Après un enchaînement d'albums exceptionnels, ces deux nouveaux tomes marquent un peu le pas dans le run de Goscinny et Morris chez Dargaud. Comme un signe, la numérotation de ces épisodes par l'éditeur est invraisemblablement désordonnée puisqu'au dos on lit qu'il s'agirait des numéros 11 puis 15 !
Mais revenons au contenu. L'héritage de Ran-tan-plan montre dès sa couverture le retour des Dalton et du chien le plus stupide de l'Ouest, absents de la série depuis 2 ans et 3 albums (le précédent étant Ma Dalton, tome 38). Depuis que la série a changé d'éditeur, les frangins sont d'ailleurs plus discrets (un seul autre album les met en scène avant, Dalton City). Comme je n'ai jamais considéré qu'ils apportaient un plus au titre, même si on les associe pourtant systématiquement à Lucky Luke, ils ne me manquaient pas tellement.
Pourtant, cette aventure démarre bien avec un argument loufoque : Ran-tan-plan hérite d'une fortune considérable qui, s'il meurt à son tour, reviendra à Joe Dalton. La suite est évidente : Joe veut faire la peau au cabot qui voue pourtant une affection indéfectible au malfrat (et se méfie de Lucky Luke, qu'il sèmera à la première occasion). La réalité a souvent dépassé la fiction pourtant dans ce type d'histoires puisqu'on entend régulièrement parler d'excentriques qui lègue leurs biens à leur animal de compagnie.
Quand Goscinny s'emploie à démontrer toute l'absurdité de la situation, l'album est vraiment impayable.
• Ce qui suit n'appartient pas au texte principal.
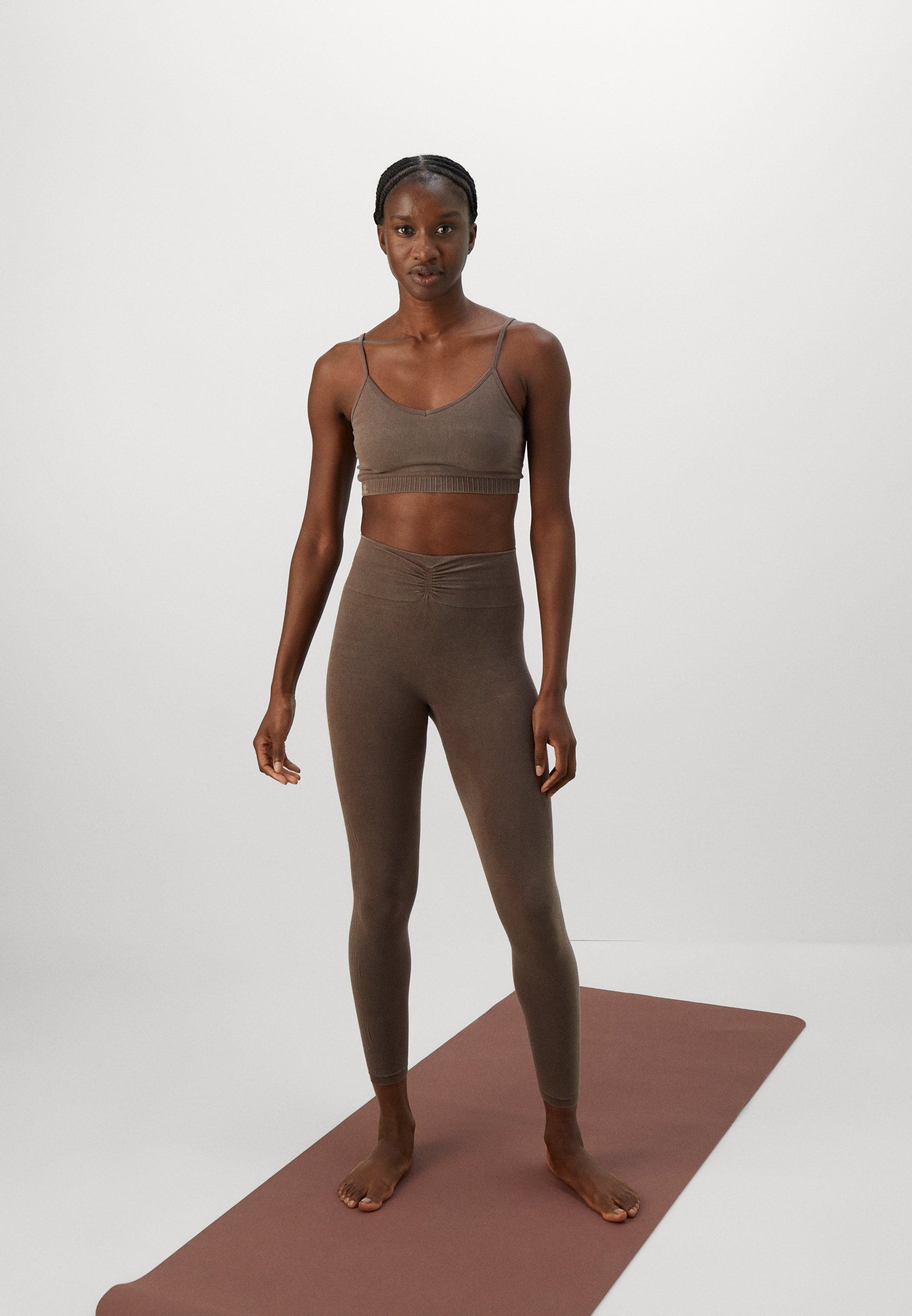 Yogasearcher SAMSKARA - Reggiseno sportivo contenitivo leggero - moka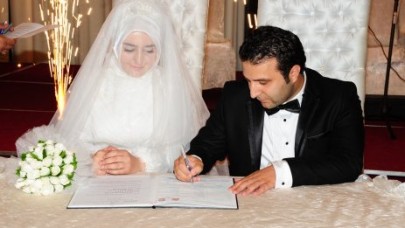 Ateş ailesinin mutlu günü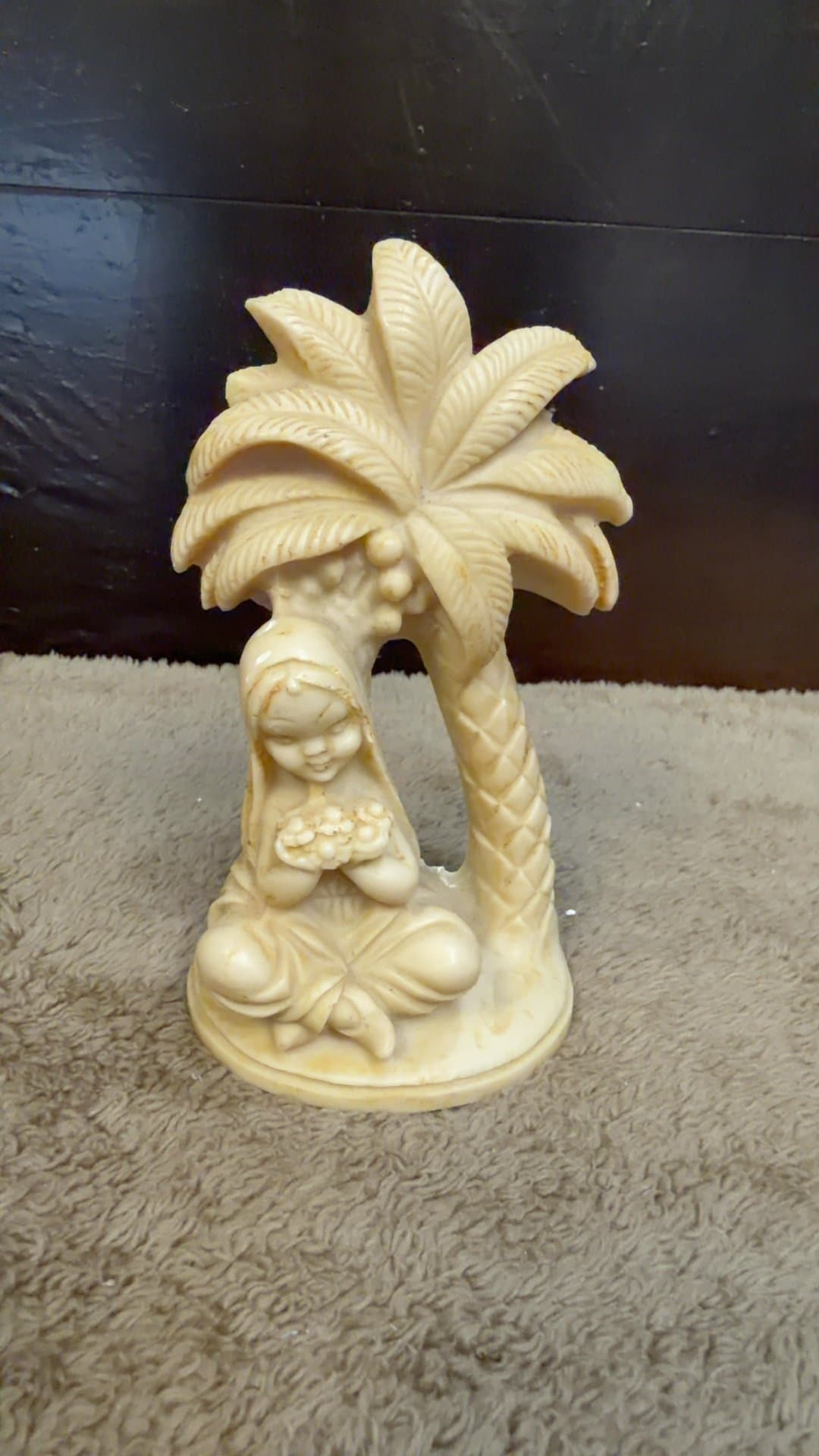 Faux Ivory Resin Indian Maiden Figurines under Palm Tree - Image 1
Mais le souci est que cela ne fonctionne que par intermittences car le scénario pâtit de chutes de rythme à cause de séquences s'intégrant mal à l'ensemble, fonctionnant comme des sketches un peu faciles. L'exemple le plus frappant se trouve lorsque Ran-tan-plan fausse compagnie à Lucky Luke et s'égare dans la nature voisine de Virginia City : sa bêtise, son absence totale de sens de l'orientation, son inaptitude à chasser, le fait qu'il confond les animaux est en soi marrant, mais le souci est que cela dure plusieurs pages pendant lesquelles l'intrigue principale est totalement oubliée. Goscinny s'est certainement fait plaisir avec ce passage mais j'estime qu'il nuit à l'efficacité du récit en s'écartant trop du sujet.
C'est dommage car, par ailleurs, des éléments originaux sont abordés, confirmant la tendance de la série à traiter frontalement certains aspects de l'Histoire américaine, comme l'exploitation des chinois et leur repli sur soi dans un quartier ethnique de la ville. Malheureusement, Goscinny ne fait qu'effleurer cela alors qu'il aurait pu en tirer une formidable source de gags, lui qui était si fort pour épingler les particularismes étrangers.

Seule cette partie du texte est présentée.